Manager Research, PAGE
Jan 28 - Feb 03, 2008

Since January 1990 Fed has changed its rate for 72 times and it involved 41 raises and 31 cuts in the fund rate. On the other hand discount rate was slashed on 28 occasions and raised on 26. There have been 13 periods since 1921 in which the Fed has delivered three rate cuts in relatively quick succession and the most recent dose of this sort of monetary medicine came in the fall of 1998. The emergent Fed interest rate cut to 3.5% recently had a comforting effect on the international markets. However it will take a longer time to come out of that scenario as billion of dollars have been written by big banks and trillion of dollars are stuck up in sub-prime mortgage.


* Usage of brokerage channel to originate loans - underwriters have no direct contact with the borrowers.

* Securitization - while this in itself is not an underwriting weakness, multiple layers of securitization through creation of CDO structures "enhanced" credit ratings which clearly were not viable.

* Teaser interest rates and flexibility to even service only minimum payments drove negative amortization (similar to a credit card) - as rates rose, borrowers found cash flow difficulties.

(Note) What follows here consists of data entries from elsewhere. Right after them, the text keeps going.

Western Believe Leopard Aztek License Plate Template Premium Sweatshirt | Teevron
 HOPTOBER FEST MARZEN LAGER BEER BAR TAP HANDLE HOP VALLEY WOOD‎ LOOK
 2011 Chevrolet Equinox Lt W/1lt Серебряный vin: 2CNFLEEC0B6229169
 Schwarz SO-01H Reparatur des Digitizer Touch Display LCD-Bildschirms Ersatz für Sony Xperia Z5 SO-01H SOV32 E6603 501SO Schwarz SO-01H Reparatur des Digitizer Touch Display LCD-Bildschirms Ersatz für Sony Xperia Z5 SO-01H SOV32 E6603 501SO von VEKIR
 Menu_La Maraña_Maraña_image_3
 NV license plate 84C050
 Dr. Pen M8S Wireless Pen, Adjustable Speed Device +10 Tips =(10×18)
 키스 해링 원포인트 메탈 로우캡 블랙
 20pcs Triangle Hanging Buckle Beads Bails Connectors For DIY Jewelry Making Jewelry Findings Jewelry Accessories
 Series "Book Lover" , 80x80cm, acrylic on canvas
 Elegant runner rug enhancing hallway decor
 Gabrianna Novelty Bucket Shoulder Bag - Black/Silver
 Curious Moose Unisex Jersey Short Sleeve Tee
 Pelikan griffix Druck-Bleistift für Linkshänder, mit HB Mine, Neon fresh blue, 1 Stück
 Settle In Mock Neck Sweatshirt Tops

* Rising interest rates - the FED reversed its interest rate policy starting May 2004 and a persistent rise in interest rates created cash flow difficulties for borrowers as RM mortgages reset.

* Increase in Oil Prices - The sub-prime segment is often associated with usage of cars to commute and higher oil prices resulted in cash flow problems.

* Inflation/ food price inflation - This caused additional cash flow problems Despite what appeared to be a healthy jobs market, consumer credit has come under pressure from the above liquidity triggers.


The impact of the rate cut on the international stock markets would be felt worldwide, but the magnitude would differ from country to country.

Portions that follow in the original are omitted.